[Image-text web data]
___

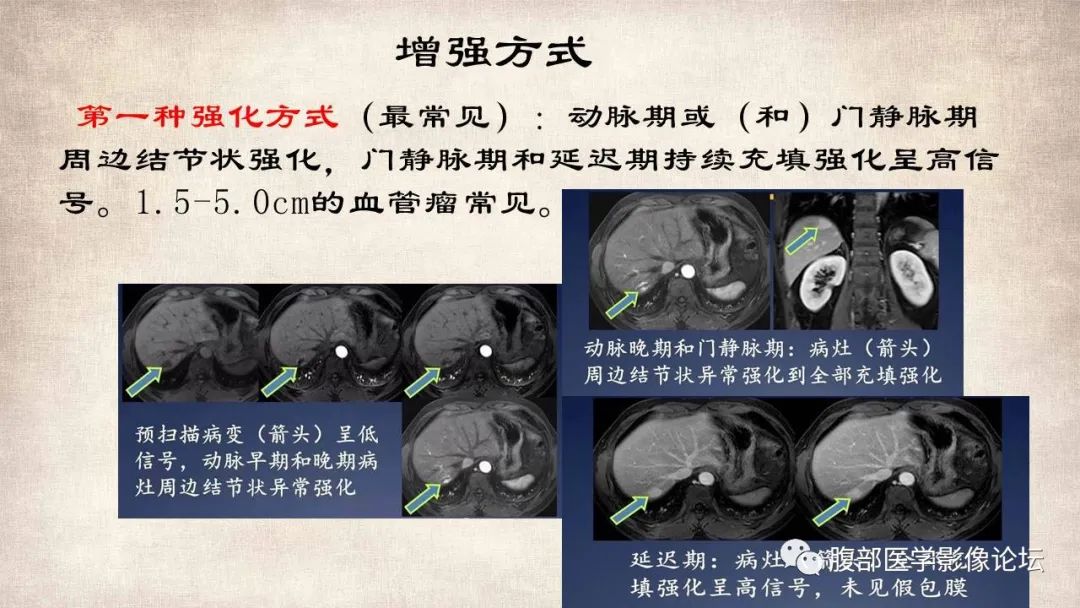 影像PPT - 【病例】肝脏硬化性血管瘤1例影像表现-20
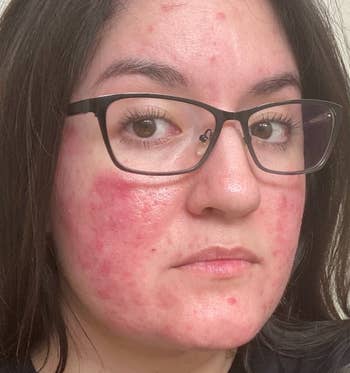 reviewer with acne before using face wash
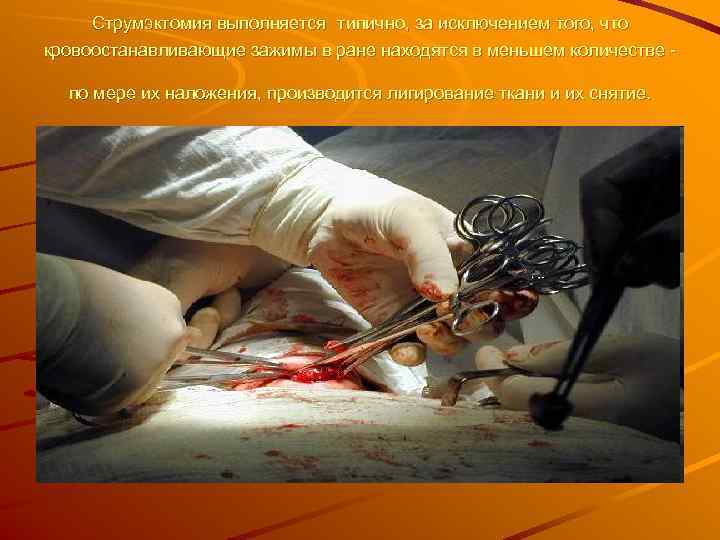  Струмэктомия выполняется типично, за исключением того, что кровоостанавливающие зажимы в ране находятся в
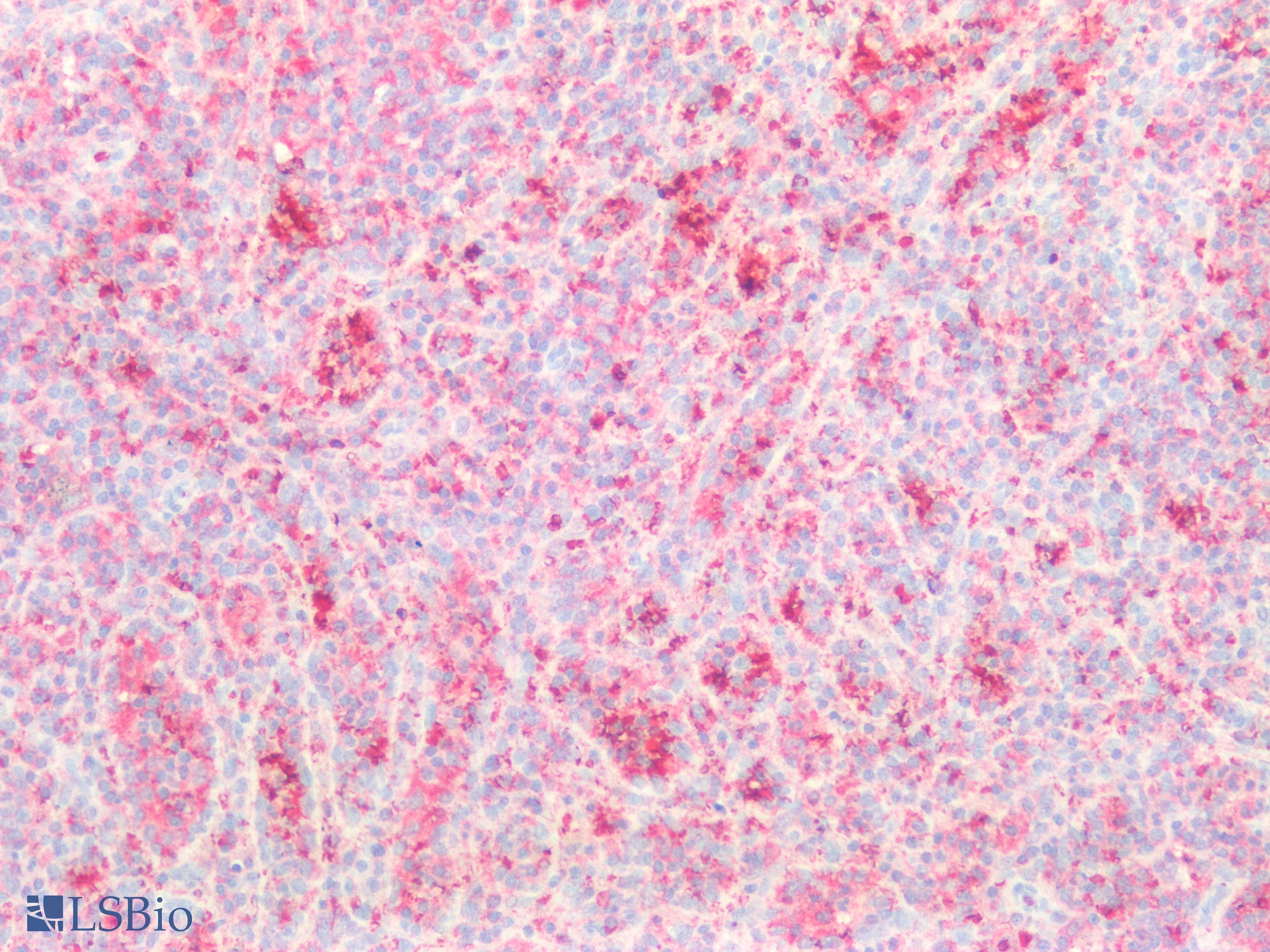 PathPlus™ SLC2A1 / GLUT-1 Antibody (Concentrated)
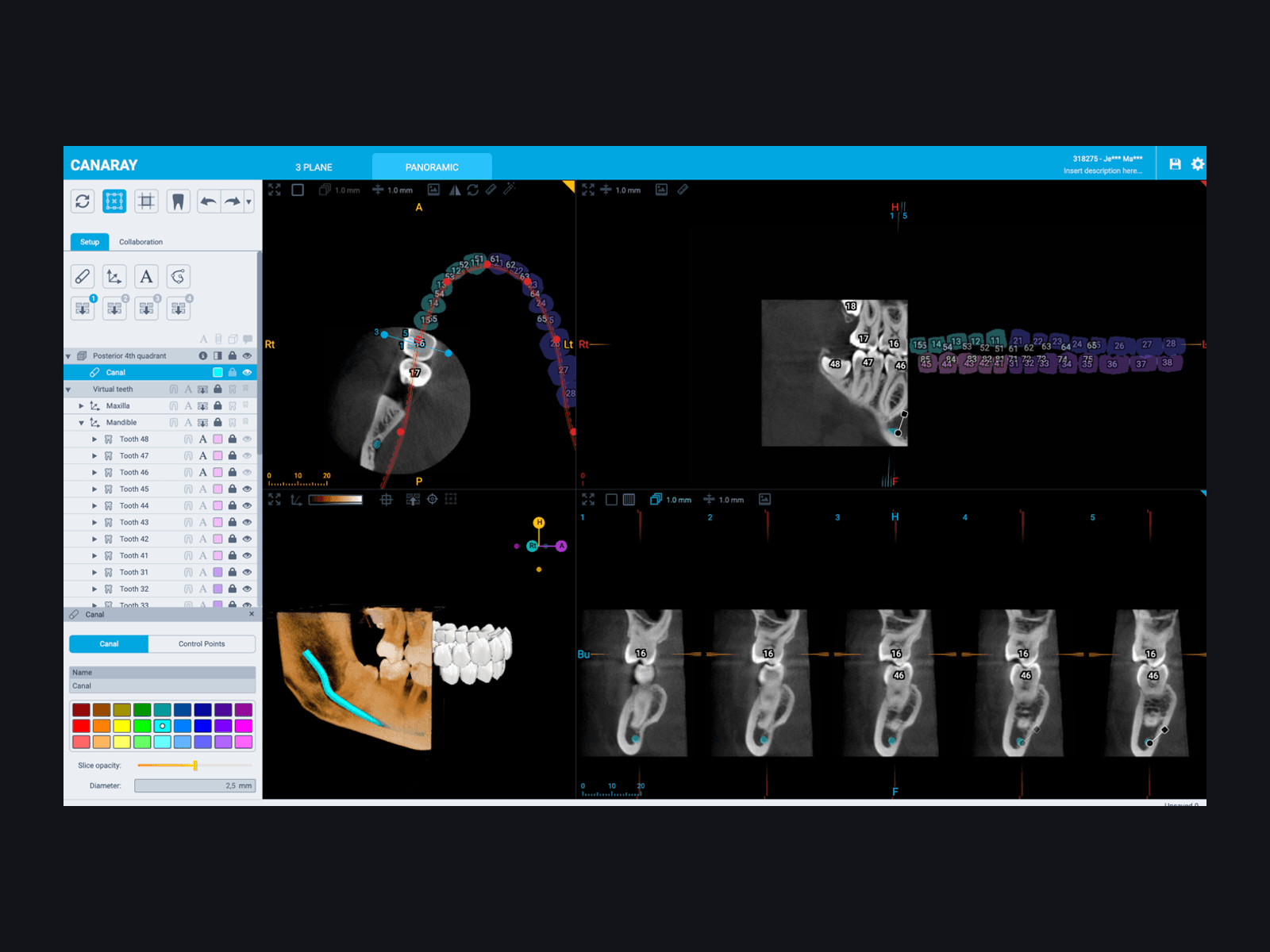 Voxel 3D dental imaging software interface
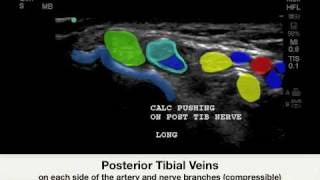 How To: Ankle - Tarsal Tunnel Case Study Video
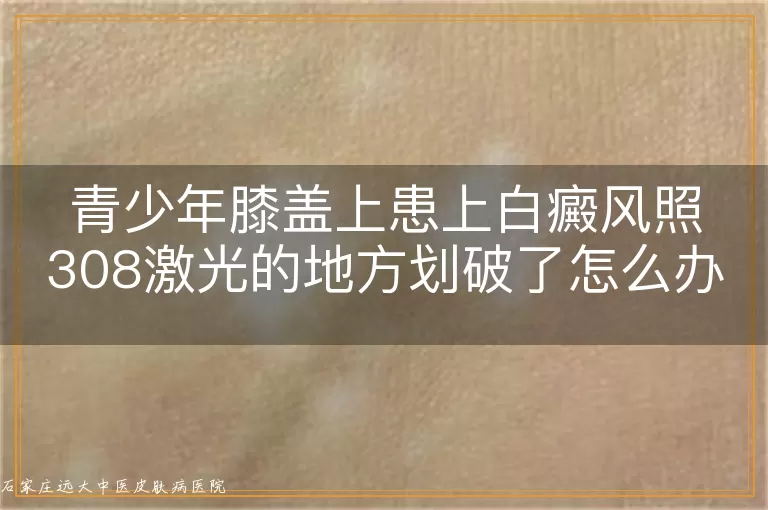 青少年膝盖上患上白癜风照308激光的地方划破了怎么办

___

Please leave out the pictures while you copy exactly the lines from the one containing "Voxel 3D dental imaging software interface" through the end of the records.

 Voxel 3D dental imaging software interface
 How To: Ankle - Tarsal Tunnel Case Study Video
 青少年膝盖上患上白癜风照308激光的地方划破了怎么办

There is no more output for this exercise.